To begin with, we define a specific simplex in a (k − 1)-dimensional space, as studied in Lange & Wu (2008). We propose large-margin classifiers using the simplex coding, while the classifiers introduced in Lange & Wu (2008) and Wu & Wu (2012) are regression-based methods. In this setting, a simplex is defined as a k-regular polyhedron in a (k − 1)-dimensional Euclidean space. For example, when k =3, the simplex is an equilateral triangle in ℝ², and when k = 4, it is a regular tetrahedron in ℝ³. For a multicategory classification problem with k classes, define W as the collection of k vectors in ℝ^k−1 with elements

W_{j} = {\begin{matrix} {(k - 1)}^{- 1 / 2} ζ, & j = 1, \\ - (1 + k^{1 / 2}) / {{(k - 1)}^{3 / 2}} ζ + {k / (k - 1)}^{1 / 2} e_{j - 1}, & 2 \leq j \leq k, \end{matrix}

where ζ is a vector with length k − 1 and each element 1, and e_j is a vector in ℝ^k−1 such that its every element is 0, except the jth element is 1. One can check that W = {W₁, …, W_k} forms a simplex with k vertices in the (k − 1)-dimensional space. The centre of W is at the origin, and each W_j has Euclidean norm 1.

The set {W₁, …, W_k} defines k directions in ℝ^k−1, and the angles between any two directions are equal. Every vector in ℝ^k−1 generates k different angles with respect to {W₁, …, W_k}. Assume that the angles are in [0, π]. Let W_j represent class j. For a fitted f̂, our method is to map x to f̂(x) ∈ ℝ^k−1, and predict ŷ to be the class whose corresponding angle is the smallest. In particular, we let ŷ = argmin_j ∠(W_j, f̂), where ∠(·, ·) denotes the angle between two vectors. Based on the prediction rule, we can split the space ℝ^k−1 into k disjoint classification regions, whose definition is given below, together with a boundary set.

Definition 1

A classification region with respect to class j, C_j (j = 1, …, k), is the subset of ℝ^k−1, such that if f̂ ∈ C_j, then ŷ = j.
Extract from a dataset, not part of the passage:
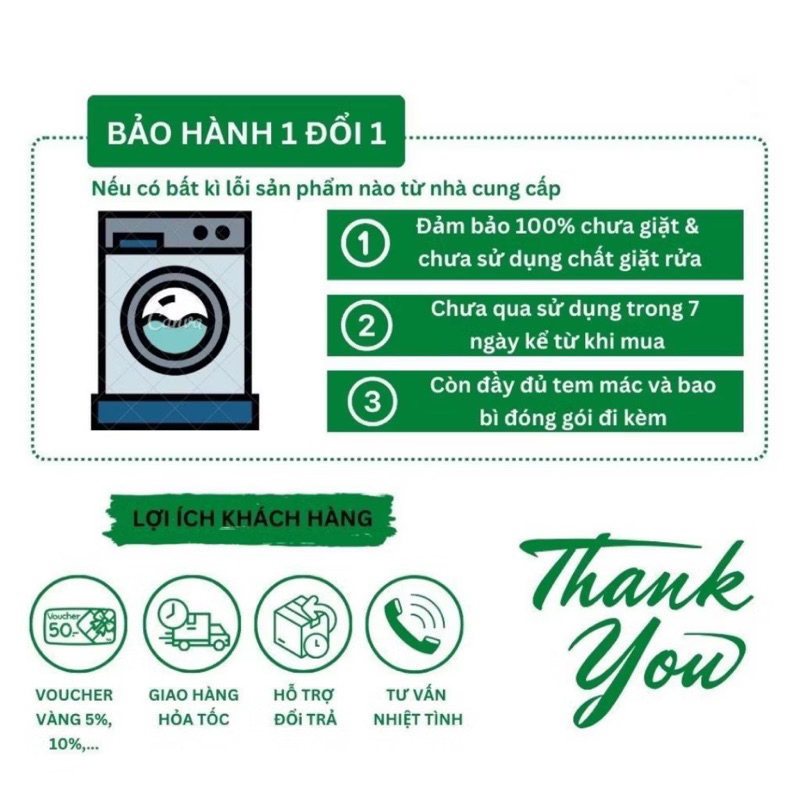 siêu giảm giá 80% Thảm lau chân thấm nước capybara baby three, Thảm chùi chân 3D vải bali 40X60 có lớp chống trơn trượt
The classification regions are closely connected to the prediction rule. In Fig. 1(a) we plot the classification regions for the angle-based method with k = 3. For a given vector f ∈ ℝ^k−1, ∠(W_j, f) is smallest if and only if the projection of f on W_j is the largest for j =1, …, k. In other words, ∠(W_j, f) being smallest is equivalent to 〈f, W_j〉 > 〈f, W_l〉, for l ⧧ j, where $〈 x_{1}, x_{2} 〉 = x_{1}^{T} x_{2}$ is the inner product of vectors x₁, x₂, and x^T is the transpose of x. Moreover, the smaller ∠(W_j, f) is, the larger 〈f, W_j〉 is. Therefore, for any binary large-margin loss function ℓ(·), we propose to solve the following optimization for the angle-based classifier

{min .}_{f \in F} n^{- 1} \sum_{i = 1}^{n} ℓ {〈 f (x_{i}), W_{y_{i}} 〉} + λ J (f) .

(1)

By duality with convex ℓ and J, (1) is equivalent to the optimization problem

{min .}_{f \in F} n^{- 1} \sum_{i = 1}^{n} ℓ {〈 f (x_{i}), W_{y_{i}} 〉},

(2)

subject to J(f) ≤ s. Our prediction rule is now equivalent to ŷ = argmax_j 〈f̂(x), W_j〉. The value 〈f(x), W_y〉, which is equivalent to the projected length of f(x) on W_y, can be viewed as a generalized functional margin of (x, y), and ℓ{〈f(x), W_y〉} measures the loss of assigning the label y to x, in terms of the inner product between f(x) and W_y. From this perspective, the loss function in (1) and (2) encourages ∠{W_{y_i}, f(x_i)} to be as small as possible, or equivalently, it encourages the projection of f(x_i) on W_{y_i} to be as large as possible. Notice that $\sum_{j = 1}^{k} 〈 W_{j}, f 〉 = 0$ , which means we implicitly transfer the sum-to-zero constraint on the classification function vector f in the regular simultaneous multicategory classification to our new functional margins 〈W_j, f〉. Hence, without an explicit constraint on the classification function f, we reduce the computational burden of the optimization problem. As we will see in § § 5 and 6, it is much more efficient to compute the angle-based classification solution than the regular multicategory classifiers with k functions.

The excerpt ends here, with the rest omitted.